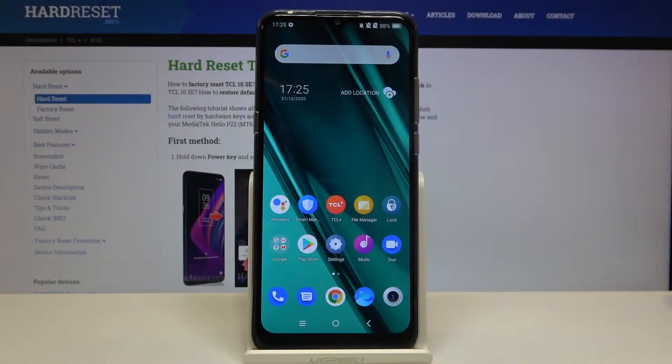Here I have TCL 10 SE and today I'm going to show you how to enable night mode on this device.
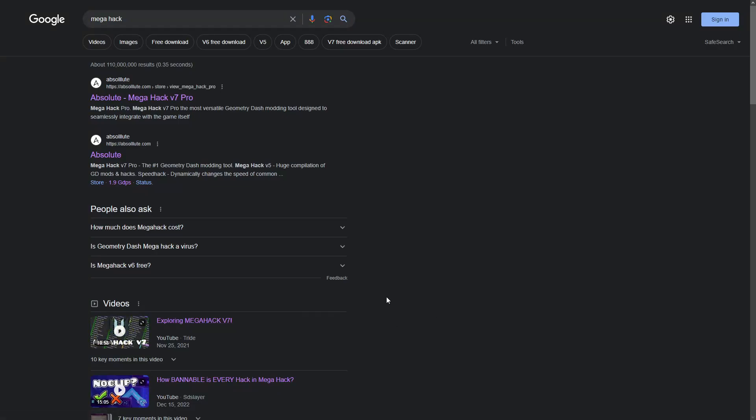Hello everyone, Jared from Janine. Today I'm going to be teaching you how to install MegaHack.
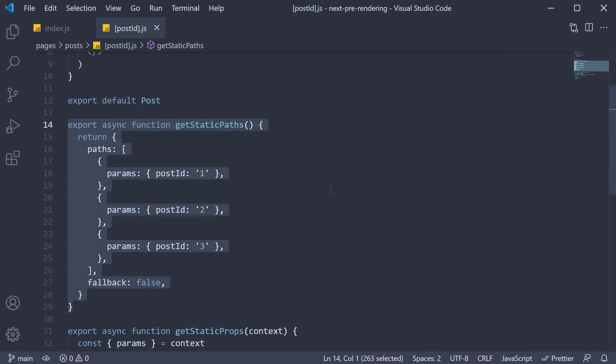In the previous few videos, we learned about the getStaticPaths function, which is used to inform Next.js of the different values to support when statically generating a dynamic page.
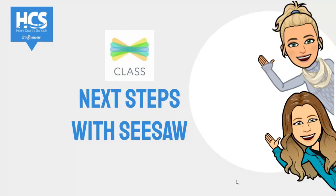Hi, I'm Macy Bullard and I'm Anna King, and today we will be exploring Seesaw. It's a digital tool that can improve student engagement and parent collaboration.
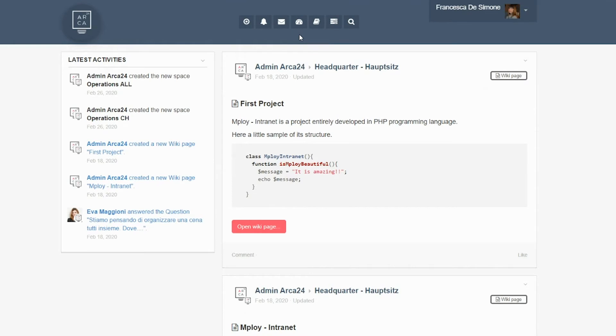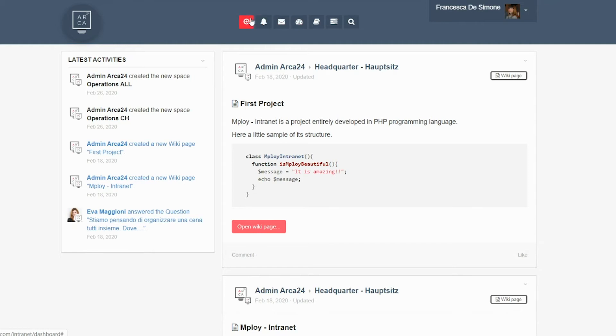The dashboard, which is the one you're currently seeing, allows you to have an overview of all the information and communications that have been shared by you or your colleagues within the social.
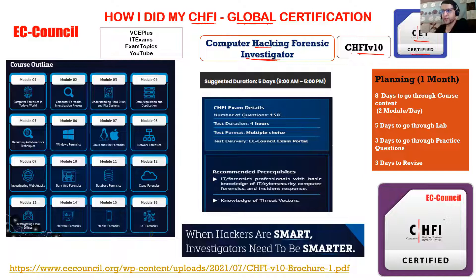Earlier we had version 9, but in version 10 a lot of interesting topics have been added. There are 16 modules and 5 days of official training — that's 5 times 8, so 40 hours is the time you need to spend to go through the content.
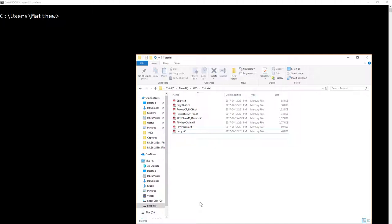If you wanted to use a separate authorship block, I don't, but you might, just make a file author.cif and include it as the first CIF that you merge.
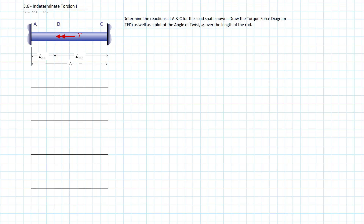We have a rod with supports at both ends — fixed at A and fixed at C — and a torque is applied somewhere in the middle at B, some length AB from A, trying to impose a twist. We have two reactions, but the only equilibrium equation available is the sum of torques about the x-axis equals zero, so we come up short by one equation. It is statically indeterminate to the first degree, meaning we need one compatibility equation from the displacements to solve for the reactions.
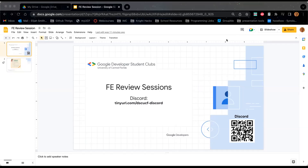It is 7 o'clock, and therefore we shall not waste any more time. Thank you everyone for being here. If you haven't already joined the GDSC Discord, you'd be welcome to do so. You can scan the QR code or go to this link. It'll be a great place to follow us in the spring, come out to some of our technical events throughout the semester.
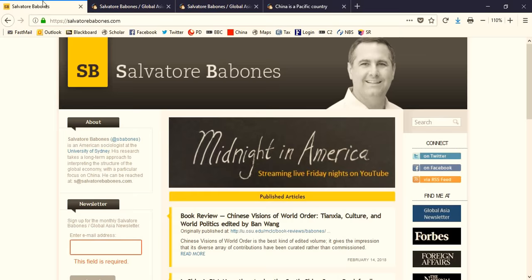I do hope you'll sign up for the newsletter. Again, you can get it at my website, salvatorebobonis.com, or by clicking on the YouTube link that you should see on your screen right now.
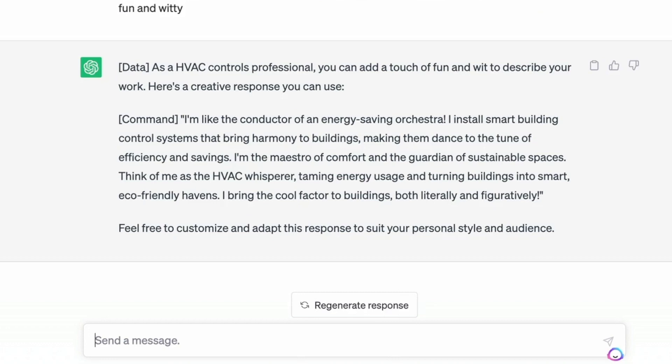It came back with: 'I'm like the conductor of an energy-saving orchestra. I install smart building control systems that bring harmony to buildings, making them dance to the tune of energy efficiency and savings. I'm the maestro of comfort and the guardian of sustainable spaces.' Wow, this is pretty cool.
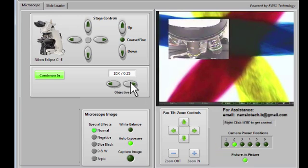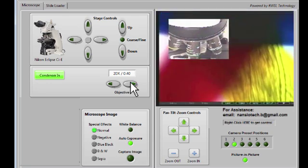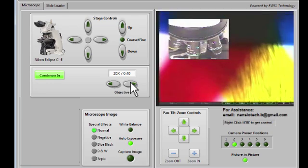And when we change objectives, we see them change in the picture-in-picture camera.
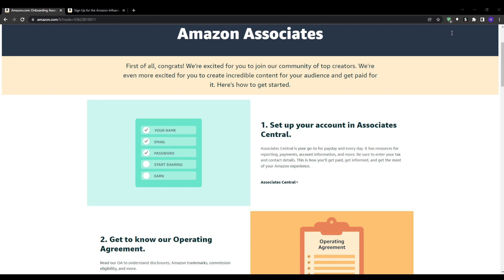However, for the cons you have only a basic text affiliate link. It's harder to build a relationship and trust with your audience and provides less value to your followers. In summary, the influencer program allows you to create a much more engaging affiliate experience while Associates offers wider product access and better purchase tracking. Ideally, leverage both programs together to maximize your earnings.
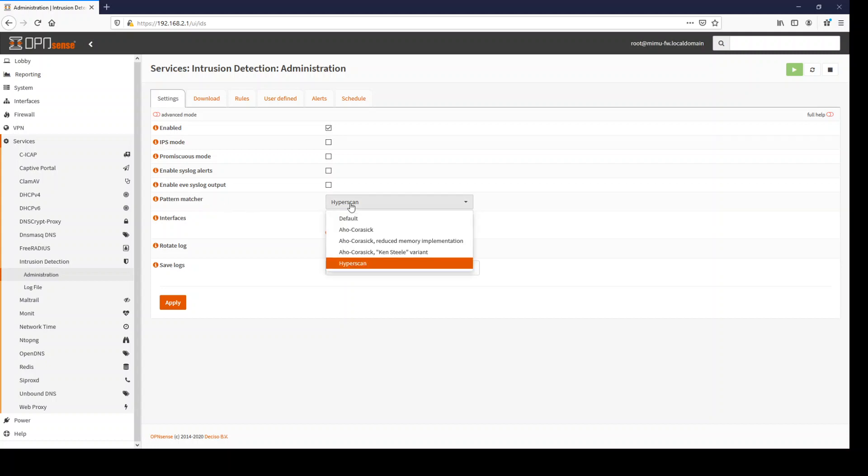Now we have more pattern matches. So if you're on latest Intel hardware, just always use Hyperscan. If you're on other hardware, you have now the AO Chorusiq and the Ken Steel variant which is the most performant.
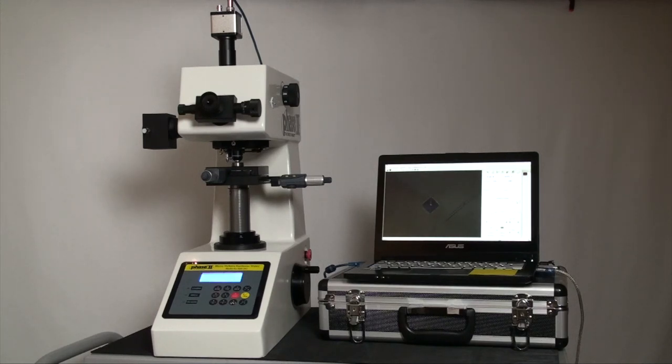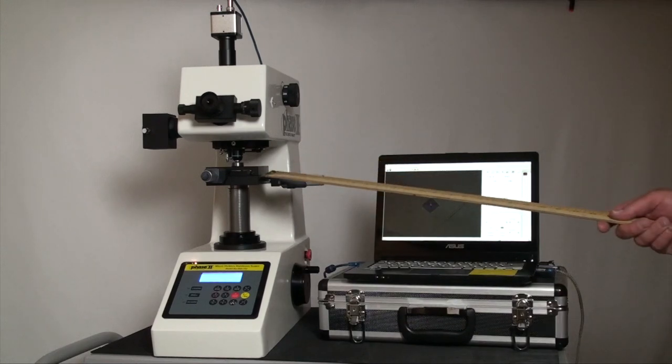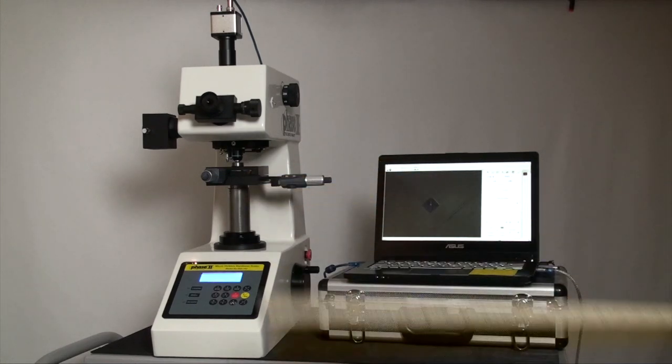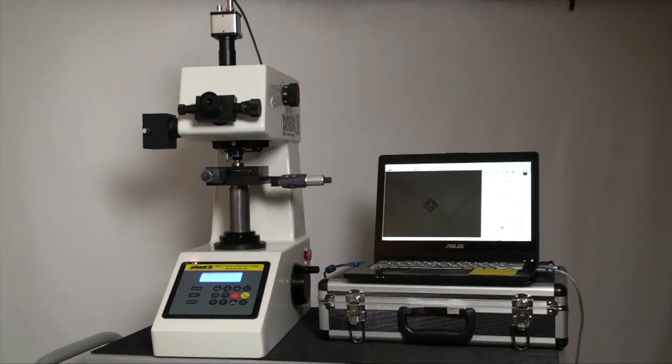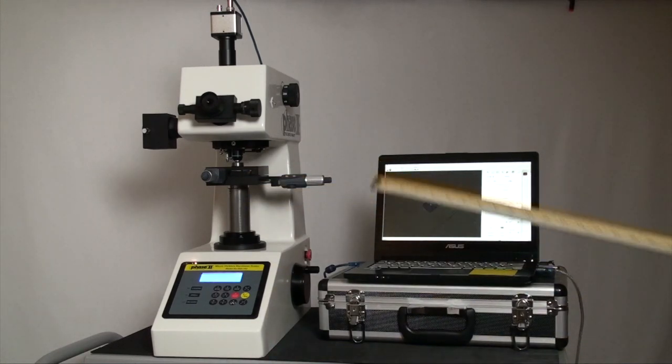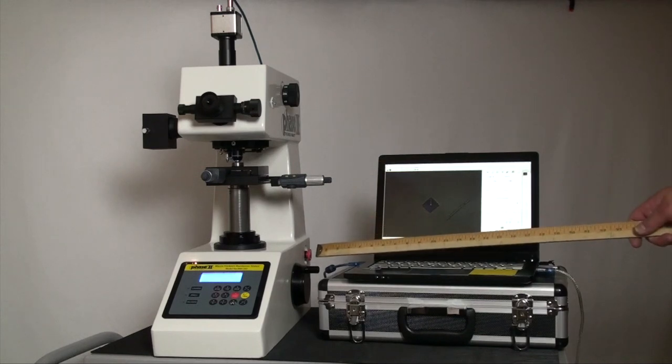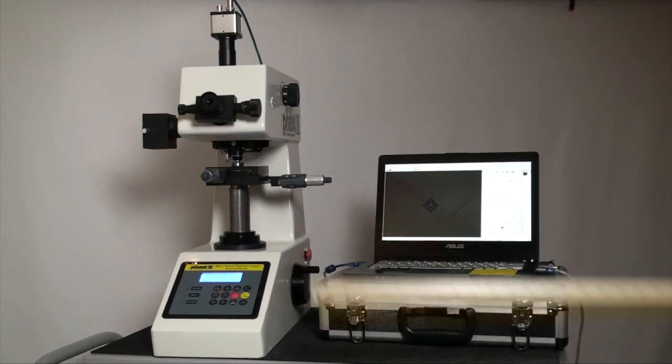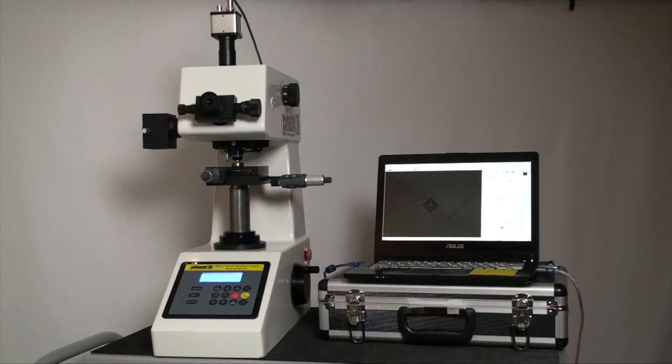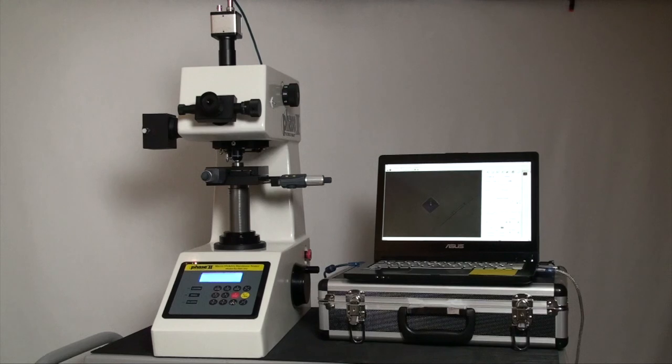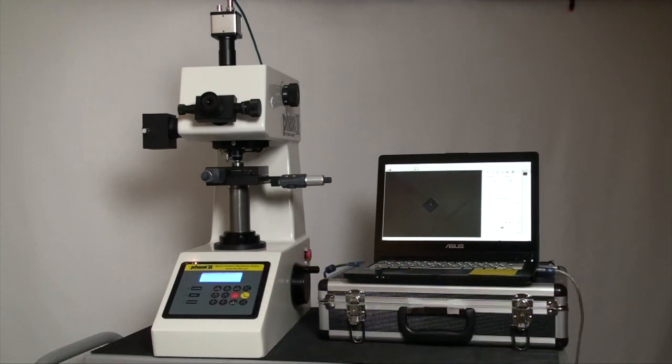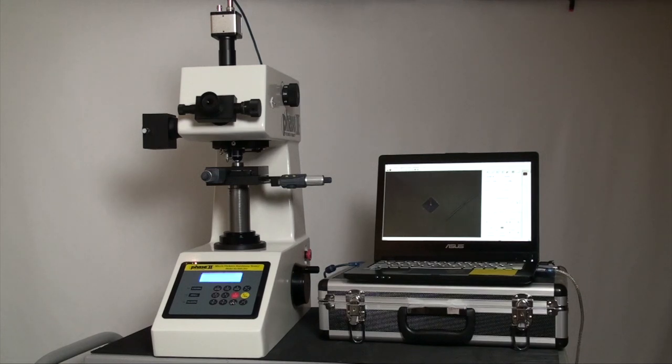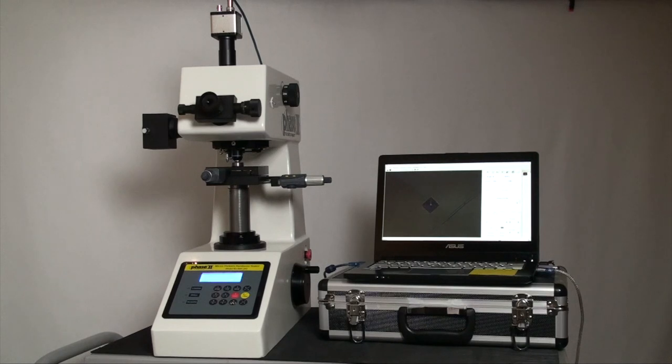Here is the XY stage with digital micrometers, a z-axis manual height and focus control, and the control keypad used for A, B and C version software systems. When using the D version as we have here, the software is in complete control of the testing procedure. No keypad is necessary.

◆ **WORK REQUEST**:
Here the job is to copy the listing above word for word, starting at the line with "And when we" and ending at the line with "Now we have", and to leave out the pictures.

◆ **THE ANSWER**:
And when we change objectives, we see them change in the picture-in-picture camera.
However, for the cons you have only a basic text affiliate link. It's harder to build a relationship and trust with your audience and provides less value to your followers. In summary, the influencer program allows you to create a much more engaging affiliate experience while Associates offers wider product access and better purchase tracking. Ideally, leverage both programs together to maximize your earnings.
Now we have more pattern matches. So if you're on latest Intel hardware, just always use Hyperscan. If you're on other hardware, you have now the AO Chorusiq and the Ken Steel variant which is the most performant.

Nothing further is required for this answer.